*** Opening ENTRIES SUPPLIED ***
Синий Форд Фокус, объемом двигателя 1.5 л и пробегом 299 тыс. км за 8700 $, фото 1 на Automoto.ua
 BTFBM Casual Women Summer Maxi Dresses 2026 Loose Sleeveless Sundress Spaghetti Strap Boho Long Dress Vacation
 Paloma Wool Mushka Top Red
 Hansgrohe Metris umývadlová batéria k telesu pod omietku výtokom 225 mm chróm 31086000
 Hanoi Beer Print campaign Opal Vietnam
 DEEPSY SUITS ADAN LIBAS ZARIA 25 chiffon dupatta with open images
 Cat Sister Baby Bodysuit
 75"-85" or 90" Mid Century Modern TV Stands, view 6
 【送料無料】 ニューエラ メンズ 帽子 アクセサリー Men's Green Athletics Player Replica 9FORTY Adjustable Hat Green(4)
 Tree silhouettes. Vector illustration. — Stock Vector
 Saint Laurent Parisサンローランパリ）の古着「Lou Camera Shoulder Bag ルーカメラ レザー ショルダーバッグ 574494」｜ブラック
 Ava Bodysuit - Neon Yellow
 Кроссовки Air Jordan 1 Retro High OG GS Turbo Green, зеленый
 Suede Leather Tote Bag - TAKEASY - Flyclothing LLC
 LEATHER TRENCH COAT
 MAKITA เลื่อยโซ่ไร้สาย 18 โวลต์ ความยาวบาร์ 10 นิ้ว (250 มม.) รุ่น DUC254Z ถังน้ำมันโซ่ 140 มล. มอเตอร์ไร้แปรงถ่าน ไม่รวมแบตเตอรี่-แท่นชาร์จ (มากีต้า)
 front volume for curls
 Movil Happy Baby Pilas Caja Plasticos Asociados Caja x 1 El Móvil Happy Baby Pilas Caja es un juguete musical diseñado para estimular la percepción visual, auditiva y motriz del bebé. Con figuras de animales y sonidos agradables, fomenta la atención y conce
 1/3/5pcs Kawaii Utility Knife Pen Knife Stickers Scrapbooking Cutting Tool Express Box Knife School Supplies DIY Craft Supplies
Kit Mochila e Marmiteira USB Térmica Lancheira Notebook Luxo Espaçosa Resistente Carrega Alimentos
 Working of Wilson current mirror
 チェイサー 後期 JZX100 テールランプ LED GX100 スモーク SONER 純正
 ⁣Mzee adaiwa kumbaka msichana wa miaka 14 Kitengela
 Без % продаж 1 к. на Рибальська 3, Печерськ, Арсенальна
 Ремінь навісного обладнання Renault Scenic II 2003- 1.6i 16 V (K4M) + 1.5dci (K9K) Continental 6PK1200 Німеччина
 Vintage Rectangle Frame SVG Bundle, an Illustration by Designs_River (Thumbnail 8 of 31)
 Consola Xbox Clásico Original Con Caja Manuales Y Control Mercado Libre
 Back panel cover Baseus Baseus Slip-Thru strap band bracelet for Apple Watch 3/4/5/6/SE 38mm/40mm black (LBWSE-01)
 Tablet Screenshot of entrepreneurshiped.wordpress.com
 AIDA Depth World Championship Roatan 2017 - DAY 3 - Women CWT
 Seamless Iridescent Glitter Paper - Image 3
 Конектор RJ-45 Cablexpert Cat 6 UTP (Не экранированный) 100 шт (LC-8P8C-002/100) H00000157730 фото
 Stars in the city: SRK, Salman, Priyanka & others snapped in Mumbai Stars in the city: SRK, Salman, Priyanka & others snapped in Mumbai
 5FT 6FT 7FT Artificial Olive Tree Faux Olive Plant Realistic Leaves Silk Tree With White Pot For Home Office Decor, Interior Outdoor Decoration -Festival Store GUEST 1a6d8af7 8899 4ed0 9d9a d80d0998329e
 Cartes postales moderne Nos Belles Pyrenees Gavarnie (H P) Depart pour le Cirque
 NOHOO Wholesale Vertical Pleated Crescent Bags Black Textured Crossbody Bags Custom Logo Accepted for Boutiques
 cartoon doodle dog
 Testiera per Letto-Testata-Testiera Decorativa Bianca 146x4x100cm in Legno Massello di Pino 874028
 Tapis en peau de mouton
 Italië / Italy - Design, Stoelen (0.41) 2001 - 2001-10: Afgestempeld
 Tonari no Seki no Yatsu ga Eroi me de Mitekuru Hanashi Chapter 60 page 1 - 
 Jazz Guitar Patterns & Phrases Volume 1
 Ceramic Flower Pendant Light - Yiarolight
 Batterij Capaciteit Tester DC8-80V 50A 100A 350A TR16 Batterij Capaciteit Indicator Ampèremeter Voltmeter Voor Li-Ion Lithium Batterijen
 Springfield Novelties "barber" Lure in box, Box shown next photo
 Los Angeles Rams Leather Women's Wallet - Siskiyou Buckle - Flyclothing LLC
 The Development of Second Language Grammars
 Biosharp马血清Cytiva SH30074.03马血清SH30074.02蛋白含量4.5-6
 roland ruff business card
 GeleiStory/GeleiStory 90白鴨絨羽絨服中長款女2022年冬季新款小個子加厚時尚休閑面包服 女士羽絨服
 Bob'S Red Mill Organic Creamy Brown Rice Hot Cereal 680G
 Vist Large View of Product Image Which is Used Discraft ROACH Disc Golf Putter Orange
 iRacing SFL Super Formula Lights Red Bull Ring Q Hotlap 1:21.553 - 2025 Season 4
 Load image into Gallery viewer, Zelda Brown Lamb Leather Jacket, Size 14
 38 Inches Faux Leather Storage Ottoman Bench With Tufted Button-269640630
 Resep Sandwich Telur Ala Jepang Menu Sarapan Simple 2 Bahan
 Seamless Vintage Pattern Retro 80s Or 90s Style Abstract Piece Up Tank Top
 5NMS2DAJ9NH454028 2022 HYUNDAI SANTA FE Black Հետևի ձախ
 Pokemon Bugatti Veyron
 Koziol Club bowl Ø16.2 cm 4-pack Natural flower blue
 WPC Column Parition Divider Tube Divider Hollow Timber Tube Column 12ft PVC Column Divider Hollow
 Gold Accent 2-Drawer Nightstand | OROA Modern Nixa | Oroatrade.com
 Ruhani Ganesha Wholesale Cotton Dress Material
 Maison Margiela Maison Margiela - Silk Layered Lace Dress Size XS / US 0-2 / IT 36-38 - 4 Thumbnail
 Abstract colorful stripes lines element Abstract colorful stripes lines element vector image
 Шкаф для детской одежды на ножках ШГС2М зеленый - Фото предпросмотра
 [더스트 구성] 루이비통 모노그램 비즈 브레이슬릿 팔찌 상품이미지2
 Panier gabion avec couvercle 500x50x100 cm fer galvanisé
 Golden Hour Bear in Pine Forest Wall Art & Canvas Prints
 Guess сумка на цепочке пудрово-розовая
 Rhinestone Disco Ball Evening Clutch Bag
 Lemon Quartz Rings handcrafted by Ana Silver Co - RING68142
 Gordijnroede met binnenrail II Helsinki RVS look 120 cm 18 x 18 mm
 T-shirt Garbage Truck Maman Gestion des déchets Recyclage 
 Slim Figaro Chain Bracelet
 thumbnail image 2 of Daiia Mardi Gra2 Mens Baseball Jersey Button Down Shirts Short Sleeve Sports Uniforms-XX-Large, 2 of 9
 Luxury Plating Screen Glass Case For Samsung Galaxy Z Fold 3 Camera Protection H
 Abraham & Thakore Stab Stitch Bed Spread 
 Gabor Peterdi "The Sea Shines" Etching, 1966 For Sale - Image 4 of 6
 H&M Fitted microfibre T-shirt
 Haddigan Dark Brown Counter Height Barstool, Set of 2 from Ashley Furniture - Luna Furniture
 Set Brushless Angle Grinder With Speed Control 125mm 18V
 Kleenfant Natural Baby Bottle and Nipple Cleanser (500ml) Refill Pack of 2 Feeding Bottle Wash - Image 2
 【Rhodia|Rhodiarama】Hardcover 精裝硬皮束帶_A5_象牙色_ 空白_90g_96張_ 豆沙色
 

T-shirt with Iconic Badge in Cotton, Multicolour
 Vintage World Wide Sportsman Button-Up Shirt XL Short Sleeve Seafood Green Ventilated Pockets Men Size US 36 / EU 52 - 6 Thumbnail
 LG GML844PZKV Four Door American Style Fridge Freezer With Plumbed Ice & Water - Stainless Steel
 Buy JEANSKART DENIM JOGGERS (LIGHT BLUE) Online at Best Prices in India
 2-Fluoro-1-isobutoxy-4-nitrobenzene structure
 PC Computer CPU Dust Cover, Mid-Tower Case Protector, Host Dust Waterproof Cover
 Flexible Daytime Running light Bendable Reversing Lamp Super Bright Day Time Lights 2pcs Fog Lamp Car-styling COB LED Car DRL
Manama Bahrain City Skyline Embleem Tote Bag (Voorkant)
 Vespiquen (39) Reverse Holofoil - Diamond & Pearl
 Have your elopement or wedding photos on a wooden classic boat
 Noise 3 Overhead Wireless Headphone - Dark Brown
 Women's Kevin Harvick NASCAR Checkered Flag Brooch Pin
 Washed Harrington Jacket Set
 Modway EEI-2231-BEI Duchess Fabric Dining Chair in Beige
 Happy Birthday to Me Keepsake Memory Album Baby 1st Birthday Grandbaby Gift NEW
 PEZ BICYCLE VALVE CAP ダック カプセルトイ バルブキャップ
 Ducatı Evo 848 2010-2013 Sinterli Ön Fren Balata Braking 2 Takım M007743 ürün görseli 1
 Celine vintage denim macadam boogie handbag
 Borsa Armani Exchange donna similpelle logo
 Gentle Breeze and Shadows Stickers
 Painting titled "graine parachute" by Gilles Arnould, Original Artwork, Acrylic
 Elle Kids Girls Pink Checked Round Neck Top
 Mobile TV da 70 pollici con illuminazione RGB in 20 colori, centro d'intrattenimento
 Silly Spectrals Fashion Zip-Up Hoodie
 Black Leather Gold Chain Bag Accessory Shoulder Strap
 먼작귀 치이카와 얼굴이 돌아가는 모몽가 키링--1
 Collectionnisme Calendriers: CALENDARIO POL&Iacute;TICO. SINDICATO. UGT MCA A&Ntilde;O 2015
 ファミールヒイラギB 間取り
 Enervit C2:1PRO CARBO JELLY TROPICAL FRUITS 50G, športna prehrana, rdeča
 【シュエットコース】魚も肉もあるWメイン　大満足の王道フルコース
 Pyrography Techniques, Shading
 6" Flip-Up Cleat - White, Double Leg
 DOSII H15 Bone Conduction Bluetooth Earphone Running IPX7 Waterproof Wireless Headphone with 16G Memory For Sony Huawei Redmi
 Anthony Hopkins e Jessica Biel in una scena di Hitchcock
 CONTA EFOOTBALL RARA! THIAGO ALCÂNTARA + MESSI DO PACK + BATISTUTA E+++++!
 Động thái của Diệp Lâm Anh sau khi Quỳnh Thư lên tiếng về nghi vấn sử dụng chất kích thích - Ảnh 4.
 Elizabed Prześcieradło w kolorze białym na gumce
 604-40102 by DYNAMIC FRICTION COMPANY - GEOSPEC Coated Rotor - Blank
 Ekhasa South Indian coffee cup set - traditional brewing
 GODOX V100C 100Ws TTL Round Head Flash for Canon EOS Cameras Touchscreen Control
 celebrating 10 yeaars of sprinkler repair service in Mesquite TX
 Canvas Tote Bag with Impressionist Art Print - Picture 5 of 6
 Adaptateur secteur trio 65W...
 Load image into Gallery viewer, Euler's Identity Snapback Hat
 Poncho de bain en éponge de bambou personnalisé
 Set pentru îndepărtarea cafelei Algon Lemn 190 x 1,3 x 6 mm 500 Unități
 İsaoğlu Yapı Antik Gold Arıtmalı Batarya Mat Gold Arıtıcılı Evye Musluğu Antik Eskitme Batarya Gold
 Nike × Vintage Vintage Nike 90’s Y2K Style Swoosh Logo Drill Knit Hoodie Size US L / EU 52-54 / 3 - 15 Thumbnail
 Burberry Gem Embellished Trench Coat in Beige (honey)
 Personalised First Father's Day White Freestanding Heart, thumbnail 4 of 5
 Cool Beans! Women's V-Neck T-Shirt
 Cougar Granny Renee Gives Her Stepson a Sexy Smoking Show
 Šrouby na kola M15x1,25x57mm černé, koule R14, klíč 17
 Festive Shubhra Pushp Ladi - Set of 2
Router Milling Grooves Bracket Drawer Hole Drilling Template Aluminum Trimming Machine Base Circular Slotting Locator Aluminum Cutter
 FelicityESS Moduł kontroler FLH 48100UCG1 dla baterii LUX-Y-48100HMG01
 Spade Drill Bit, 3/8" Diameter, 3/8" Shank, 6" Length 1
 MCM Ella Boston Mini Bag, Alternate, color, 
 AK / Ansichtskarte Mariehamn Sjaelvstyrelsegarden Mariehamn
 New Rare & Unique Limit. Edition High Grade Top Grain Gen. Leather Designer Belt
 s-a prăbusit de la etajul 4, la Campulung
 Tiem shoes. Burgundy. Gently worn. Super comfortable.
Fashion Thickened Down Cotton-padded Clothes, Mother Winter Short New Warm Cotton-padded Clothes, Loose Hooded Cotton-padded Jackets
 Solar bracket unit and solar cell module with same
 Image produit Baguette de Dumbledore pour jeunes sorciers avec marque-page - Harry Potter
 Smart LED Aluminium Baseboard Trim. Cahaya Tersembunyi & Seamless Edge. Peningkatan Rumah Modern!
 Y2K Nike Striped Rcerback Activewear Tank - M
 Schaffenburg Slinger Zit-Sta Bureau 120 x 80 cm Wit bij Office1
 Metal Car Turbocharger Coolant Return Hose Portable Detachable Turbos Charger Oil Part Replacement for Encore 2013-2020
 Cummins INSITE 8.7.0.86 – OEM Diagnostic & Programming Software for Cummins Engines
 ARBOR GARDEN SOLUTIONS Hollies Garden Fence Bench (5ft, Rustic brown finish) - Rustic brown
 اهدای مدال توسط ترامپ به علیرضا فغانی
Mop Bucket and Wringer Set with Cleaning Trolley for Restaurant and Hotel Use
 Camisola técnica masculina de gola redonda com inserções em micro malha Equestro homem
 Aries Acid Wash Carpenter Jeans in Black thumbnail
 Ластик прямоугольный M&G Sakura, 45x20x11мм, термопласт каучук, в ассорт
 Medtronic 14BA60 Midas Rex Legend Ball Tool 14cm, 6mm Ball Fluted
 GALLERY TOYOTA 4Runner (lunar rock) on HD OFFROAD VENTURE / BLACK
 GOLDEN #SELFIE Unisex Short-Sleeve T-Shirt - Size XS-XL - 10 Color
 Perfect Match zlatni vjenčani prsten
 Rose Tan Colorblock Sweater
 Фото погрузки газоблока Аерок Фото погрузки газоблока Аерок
*** Closing ENTRIES SUPPLIED ***
> **PROBLEM DESCRIPTION**
Beginning at the line with "Ластик прямоугольный M&G" and stopping after the line with "Rose Tan Colorblock Sweater", please write out every line of the data above exactly and nothing else.

> **OUTPUT OF THE EXERCISE**
 Ластик прямоугольный M&G Sakura, 45x20x11мм, термопласт каучук, в ассорт
 Medtronic 14BA60 Midas Rex Legend Ball Tool 14cm, 6mm Ball Fluted
 GALLERY TOYOTA 4Runner (lunar rock) on HD OFFROAD VENTURE / BLACK
 GOLDEN #SELFIE Unisex Short-Sleeve T-Shirt - Size XS-XL - 10 Color
 Perfect Match zlatni vjenčani prsten
 Rose Tan Colorblock Sweater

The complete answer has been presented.